__Dataset entries__:
_ _ _ _ _

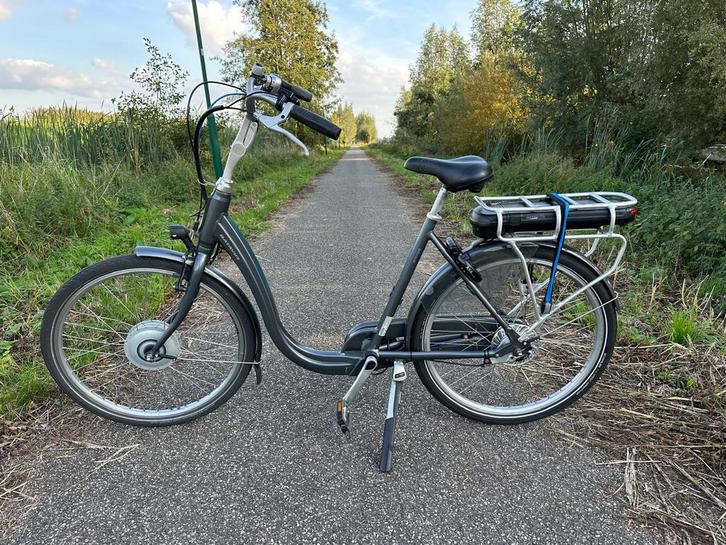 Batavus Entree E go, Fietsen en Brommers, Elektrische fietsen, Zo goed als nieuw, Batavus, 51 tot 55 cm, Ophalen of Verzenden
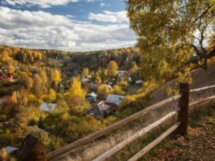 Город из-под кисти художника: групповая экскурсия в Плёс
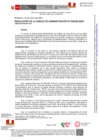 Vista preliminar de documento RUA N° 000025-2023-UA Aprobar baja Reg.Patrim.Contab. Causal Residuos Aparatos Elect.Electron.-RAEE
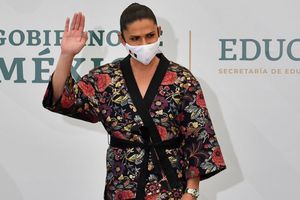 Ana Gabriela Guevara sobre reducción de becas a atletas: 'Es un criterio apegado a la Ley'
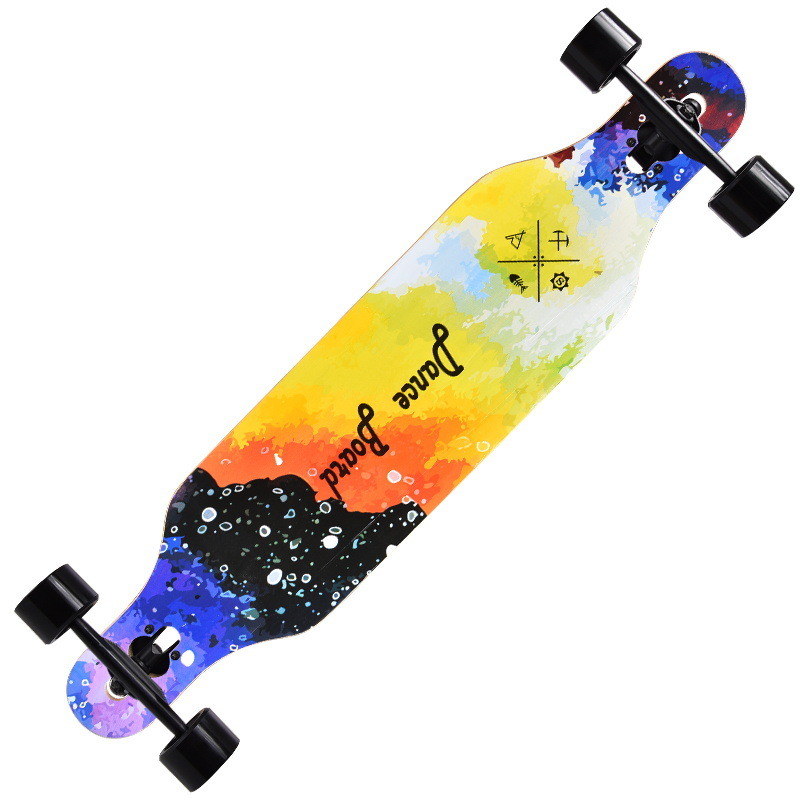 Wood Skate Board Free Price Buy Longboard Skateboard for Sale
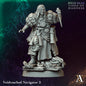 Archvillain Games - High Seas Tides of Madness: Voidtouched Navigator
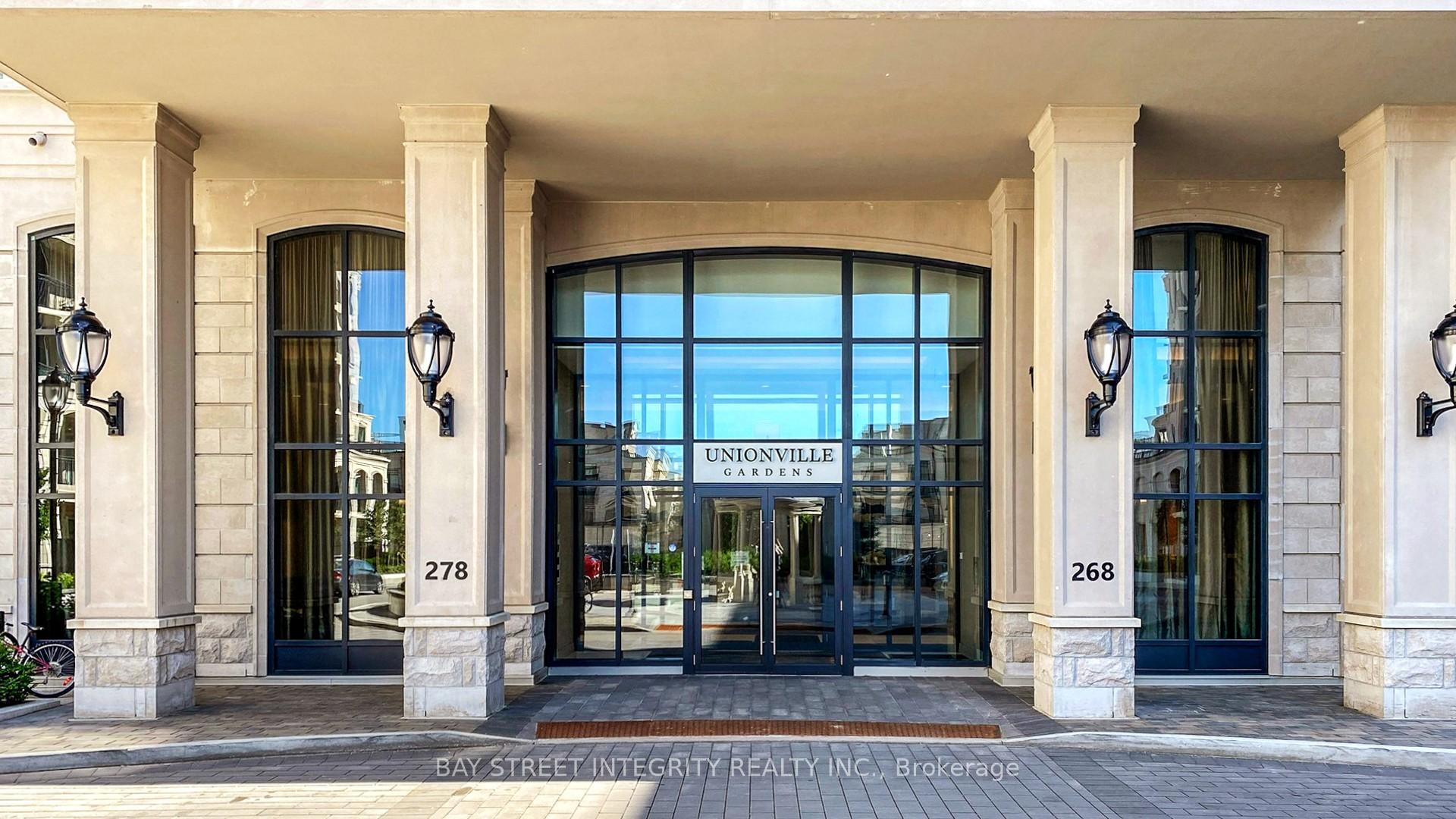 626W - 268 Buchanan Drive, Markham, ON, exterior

_ _ _ _ _

__Your assignment__:
Reproduce the listing exactly. Leave its pictures out.

__Exercise response__:
 Batavus Entree E go, Fietsen en Brommers, Elektrische fietsen, Zo goed als nieuw, Batavus, 51 tot 55 cm, Ophalen of Verzenden
 Город из-под кисти художника: групповая экскурсия в Плёс
 Vista preliminar de documento RUA N° 000025-2023-UA Aprobar baja Reg.Patrim.Contab. Causal Residuos Aparatos Elect.Electron.-RAEE
 Ana Gabriela Guevara sobre reducción de becas a atletas: 'Es un criterio apegado a la Ley'
 Wood Skate Board Free Price Buy Longboard Skateboard for Sale
 Archvillain Games - High Seas Tides of Madness: Voidtouched Navigator
 626W - 268 Buchanan Drive, Markham, ON, exterior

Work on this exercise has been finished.